She sounds like the evil stepmother, vicious and betrayed and jealous. Loving, in a stunted, confused way. Much like Sasuke, then.

"Didn't you always, though?" Ino asks. "I mean, he was never yours."

"Not yours either!" Sakura snaps automatically, blushes, furious.

"You admit it, then," Ino concludes in a tone of great satisfaction. "But look, he's a disaster waiting to happen, and if I were you I'd keep my distance."

"Don't be absurd," Sakura says after a long silence. "You wouldn't abandon Shikamaru or Chouji no matter what."

"I think the key difference is," Ino says in a dryer voice than Sakura has ever heard from her; makes her suspect Ino is simply too tired from her wounds to get upset, "that they would never give me reason to. Besides, he abandoned you first."

She looks thoughtful, a little like she's preparing to either deal or receive a scathing blow.

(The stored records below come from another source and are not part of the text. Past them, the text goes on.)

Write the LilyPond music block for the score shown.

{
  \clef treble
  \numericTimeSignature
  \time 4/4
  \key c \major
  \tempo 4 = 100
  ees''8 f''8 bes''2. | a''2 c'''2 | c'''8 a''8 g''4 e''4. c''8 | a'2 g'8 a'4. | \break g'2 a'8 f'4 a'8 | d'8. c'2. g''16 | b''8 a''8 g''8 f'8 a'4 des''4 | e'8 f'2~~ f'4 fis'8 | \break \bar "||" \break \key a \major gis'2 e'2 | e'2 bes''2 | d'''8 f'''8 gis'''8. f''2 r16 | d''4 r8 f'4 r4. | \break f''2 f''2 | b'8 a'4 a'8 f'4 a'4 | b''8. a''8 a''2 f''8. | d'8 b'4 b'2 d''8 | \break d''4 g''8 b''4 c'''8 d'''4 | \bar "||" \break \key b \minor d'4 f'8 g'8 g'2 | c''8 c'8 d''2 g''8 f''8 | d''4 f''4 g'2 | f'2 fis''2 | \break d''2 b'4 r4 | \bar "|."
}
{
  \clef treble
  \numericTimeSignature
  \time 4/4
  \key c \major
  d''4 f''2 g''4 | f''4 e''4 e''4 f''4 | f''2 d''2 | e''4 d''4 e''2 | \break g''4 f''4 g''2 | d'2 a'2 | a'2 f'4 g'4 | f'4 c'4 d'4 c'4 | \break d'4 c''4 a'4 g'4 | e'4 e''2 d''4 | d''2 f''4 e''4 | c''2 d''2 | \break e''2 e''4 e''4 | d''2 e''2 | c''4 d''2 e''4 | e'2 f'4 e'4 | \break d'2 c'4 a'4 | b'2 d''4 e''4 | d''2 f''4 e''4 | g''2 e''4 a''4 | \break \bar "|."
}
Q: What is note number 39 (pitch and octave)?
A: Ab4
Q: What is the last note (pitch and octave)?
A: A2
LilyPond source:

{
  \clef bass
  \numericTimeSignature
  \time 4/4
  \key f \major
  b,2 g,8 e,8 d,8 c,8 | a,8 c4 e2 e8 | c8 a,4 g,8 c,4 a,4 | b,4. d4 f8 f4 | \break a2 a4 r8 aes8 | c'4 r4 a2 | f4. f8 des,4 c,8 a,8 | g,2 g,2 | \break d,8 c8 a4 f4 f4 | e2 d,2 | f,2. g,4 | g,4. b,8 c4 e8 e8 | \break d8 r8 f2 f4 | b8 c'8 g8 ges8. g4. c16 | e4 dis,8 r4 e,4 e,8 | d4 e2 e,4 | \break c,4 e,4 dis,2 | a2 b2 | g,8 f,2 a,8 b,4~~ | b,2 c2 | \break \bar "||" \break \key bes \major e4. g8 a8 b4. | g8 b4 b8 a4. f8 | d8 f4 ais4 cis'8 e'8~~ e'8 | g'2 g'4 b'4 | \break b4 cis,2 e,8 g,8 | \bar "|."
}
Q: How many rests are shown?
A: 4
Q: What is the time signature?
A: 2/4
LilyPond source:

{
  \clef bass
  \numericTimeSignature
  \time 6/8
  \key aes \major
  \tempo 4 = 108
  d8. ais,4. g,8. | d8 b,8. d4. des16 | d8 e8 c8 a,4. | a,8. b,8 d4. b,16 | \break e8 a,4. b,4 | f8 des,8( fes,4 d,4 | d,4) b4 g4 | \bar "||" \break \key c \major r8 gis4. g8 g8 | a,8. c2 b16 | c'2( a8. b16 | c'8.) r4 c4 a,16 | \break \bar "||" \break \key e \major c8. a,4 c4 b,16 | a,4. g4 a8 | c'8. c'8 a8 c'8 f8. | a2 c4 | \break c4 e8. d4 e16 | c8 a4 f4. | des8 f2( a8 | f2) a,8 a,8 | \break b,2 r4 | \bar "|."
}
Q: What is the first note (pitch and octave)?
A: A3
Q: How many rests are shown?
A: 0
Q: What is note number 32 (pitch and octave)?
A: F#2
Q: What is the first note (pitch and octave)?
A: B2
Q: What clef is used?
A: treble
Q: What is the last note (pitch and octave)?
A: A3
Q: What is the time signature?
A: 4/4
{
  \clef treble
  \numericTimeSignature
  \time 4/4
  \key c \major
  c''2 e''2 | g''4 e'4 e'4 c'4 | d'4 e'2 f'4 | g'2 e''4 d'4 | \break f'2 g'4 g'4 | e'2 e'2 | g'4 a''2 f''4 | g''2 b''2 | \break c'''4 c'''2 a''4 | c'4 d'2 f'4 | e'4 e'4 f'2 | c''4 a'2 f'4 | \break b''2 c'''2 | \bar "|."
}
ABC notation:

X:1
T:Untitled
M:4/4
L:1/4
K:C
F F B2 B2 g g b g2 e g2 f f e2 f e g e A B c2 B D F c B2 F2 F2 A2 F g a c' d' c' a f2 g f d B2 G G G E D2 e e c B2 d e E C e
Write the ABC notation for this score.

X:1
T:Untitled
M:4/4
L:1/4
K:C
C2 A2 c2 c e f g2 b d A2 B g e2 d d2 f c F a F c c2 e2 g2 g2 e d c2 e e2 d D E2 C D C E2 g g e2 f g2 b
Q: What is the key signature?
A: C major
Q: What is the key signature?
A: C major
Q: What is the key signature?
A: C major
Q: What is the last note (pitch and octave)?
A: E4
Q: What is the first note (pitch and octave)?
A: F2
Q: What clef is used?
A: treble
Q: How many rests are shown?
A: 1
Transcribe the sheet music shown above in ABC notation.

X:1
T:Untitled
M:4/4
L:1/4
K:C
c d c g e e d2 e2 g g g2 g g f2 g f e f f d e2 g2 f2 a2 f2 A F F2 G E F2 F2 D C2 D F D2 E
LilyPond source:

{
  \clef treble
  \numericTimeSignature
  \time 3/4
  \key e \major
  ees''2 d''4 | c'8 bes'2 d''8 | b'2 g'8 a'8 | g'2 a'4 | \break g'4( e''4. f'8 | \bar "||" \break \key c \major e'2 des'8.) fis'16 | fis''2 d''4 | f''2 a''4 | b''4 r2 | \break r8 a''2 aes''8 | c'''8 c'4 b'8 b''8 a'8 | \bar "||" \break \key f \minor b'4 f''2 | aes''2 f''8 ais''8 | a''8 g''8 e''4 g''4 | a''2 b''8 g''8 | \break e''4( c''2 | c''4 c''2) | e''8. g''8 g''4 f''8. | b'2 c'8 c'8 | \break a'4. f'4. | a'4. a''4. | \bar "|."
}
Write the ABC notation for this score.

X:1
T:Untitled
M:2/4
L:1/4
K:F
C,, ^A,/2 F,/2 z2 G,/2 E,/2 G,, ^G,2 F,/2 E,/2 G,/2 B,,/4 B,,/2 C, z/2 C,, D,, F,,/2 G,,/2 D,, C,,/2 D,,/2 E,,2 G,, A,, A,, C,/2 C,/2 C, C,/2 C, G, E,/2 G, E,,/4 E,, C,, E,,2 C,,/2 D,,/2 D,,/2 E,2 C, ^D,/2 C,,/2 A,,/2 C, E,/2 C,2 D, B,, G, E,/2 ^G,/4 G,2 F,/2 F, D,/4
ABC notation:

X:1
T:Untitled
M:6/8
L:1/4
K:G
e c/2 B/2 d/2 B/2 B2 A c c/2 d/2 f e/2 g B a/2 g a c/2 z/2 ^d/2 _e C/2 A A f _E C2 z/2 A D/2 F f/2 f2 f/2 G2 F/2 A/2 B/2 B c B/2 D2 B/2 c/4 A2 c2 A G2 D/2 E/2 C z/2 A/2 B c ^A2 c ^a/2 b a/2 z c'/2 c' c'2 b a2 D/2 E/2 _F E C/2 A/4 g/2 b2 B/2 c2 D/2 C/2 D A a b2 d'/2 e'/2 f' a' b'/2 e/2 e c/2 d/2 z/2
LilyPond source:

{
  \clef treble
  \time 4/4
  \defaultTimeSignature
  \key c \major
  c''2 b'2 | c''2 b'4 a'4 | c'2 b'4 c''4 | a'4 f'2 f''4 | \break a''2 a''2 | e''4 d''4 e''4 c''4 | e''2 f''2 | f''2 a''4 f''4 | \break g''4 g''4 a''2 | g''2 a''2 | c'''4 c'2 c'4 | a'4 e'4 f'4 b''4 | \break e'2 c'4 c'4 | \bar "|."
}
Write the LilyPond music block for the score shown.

"You don't still love him, do you?"

"I don't know," Sakura whispers, her suddenly-watery knees sitting her down on Ino's bedside. "I hardly know anything about love."

"You're the type not to see the good things right in front of you, aren't you, Forehead Girl?" Ino says, affectionate, sad.

Sakura looks up, musters a smile as she pushes pink hair out of her face. "Right now," because Ino's half-sitting and the bed is narrow, "all I see is you."

"That's right," Ino affirms, and kisses her.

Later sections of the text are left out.